> **Problem requirements**
In the listing that follows, locate the line containing "横浜市都筑区の賃貸マンション" and the line containing "8210G94 - ASCO". Retype exactly those two lines and every line between them, and nothing more.

> **Data under study**
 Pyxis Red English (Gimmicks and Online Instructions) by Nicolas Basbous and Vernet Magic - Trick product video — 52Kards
* * *
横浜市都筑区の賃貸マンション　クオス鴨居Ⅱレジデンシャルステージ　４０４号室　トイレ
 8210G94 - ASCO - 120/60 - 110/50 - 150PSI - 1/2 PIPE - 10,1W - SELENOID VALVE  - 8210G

> **Solution to this exercise**
横浜市都筑区の賃貸マンション　クオス鴨居Ⅱレジデンシャルステージ　４０４号室　トイレ
 8210G94 - ASCO - 120/60 - 110/50 - 150PSI - 1/2 PIPE - 10,1W - SELENOID VALVE  - 8210G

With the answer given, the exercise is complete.